[Opening PROVIDED DATA section]

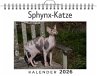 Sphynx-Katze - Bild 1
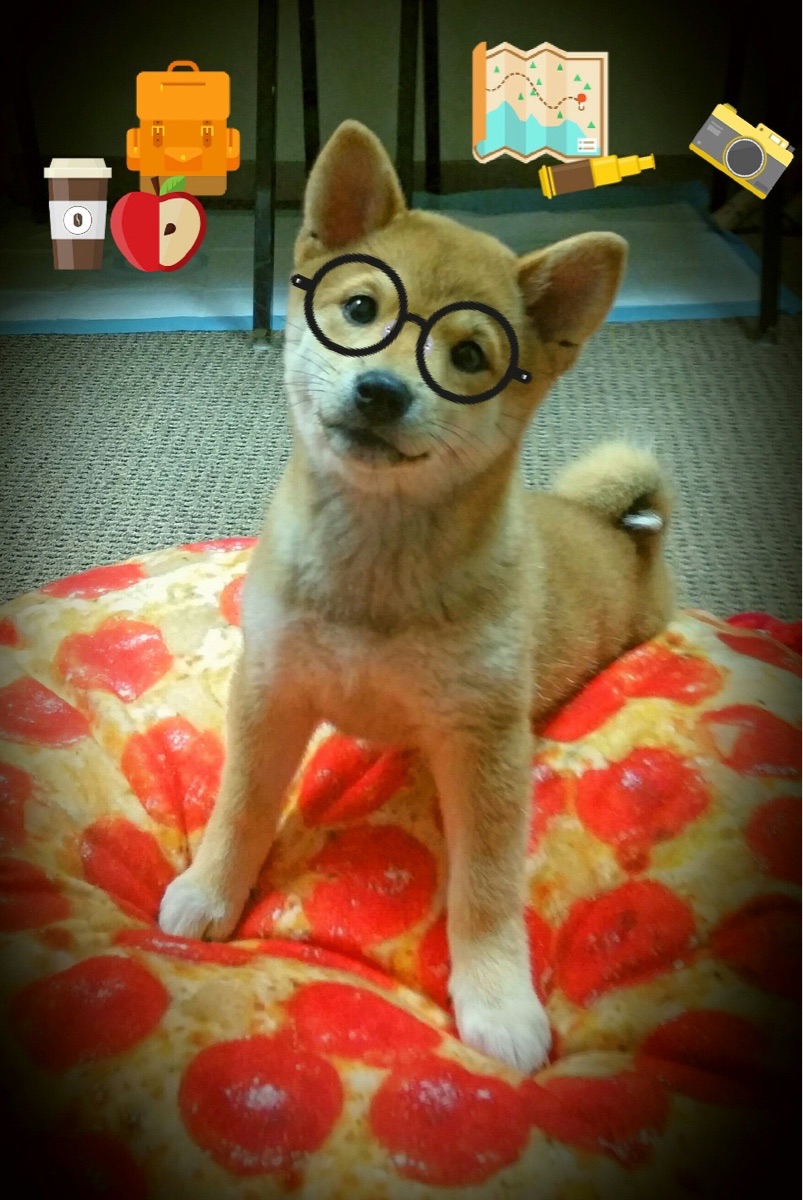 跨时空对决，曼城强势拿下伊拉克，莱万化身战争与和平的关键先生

[Closing PROVIDED DATA section]
[Opening PROVIDED DATA section]

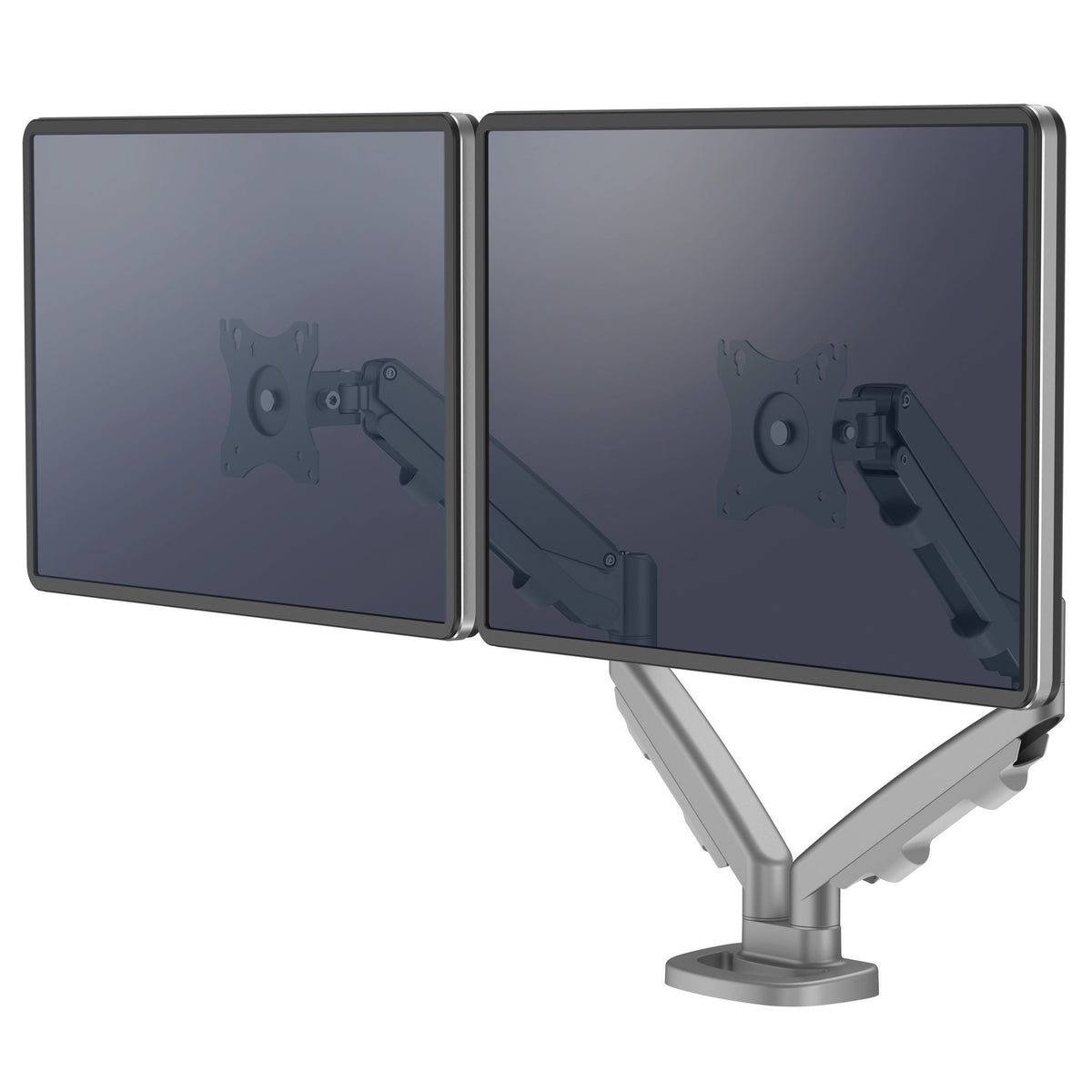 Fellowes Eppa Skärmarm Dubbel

[Closing PROVIDED DATA section]
[Opening PROVIDED DATA section]

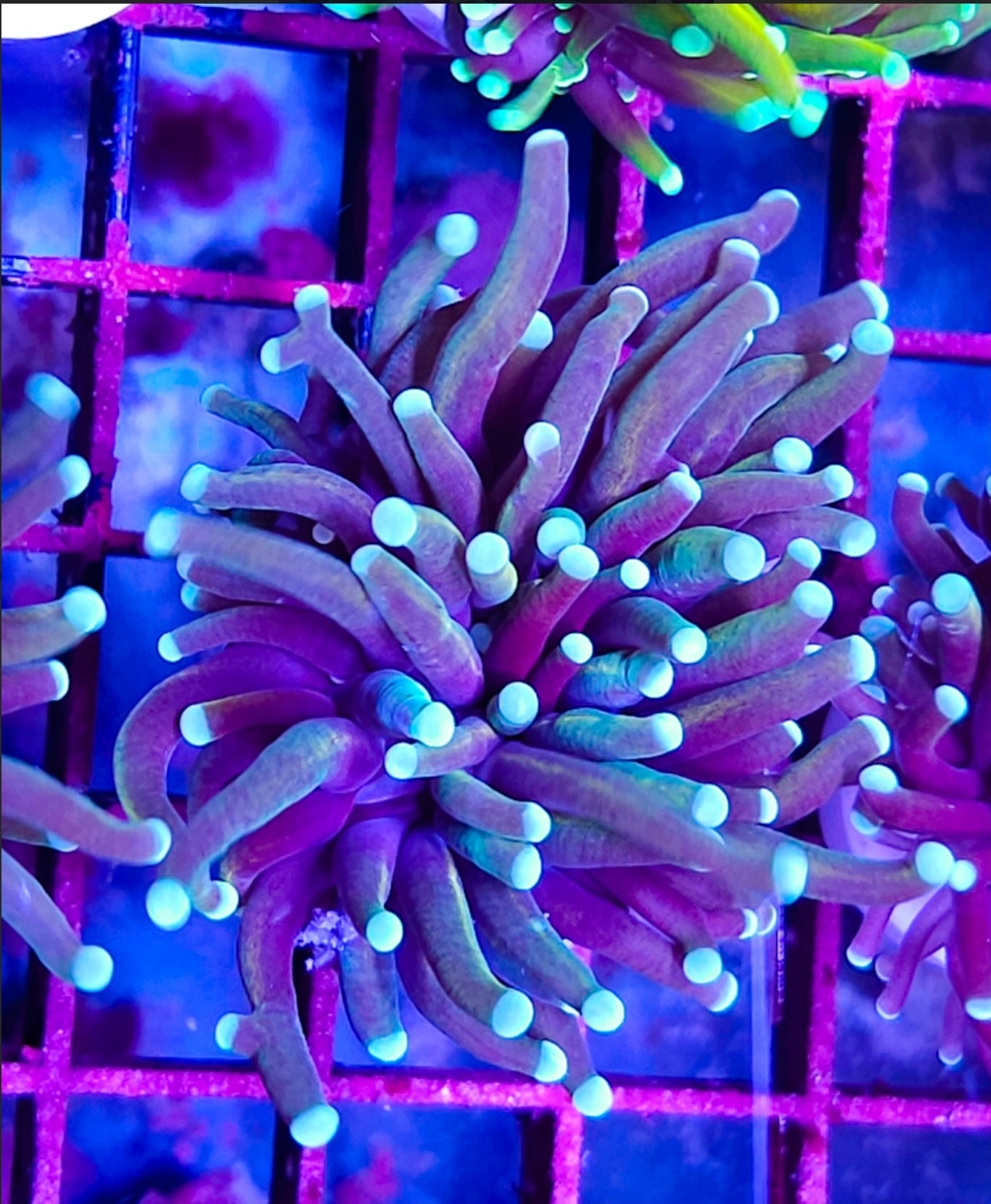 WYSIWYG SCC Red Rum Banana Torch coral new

[Closing PROVIDED DATA section]

• _PROMPT_: Everything from the line with "Sphynx-Katze - Bild 1" through the line with "跨时空对决，曼城强势拿下伊拉克，莱万化身战争与和平的关键先生" in the material above should be transcribed exactly, except the pictures.

• _EXERCISE RESPONSE_:
 Sphynx-Katze - Bild 1
 跨时空对决，曼城强势拿下伊拉克，莱万化身战争与和平的关键先生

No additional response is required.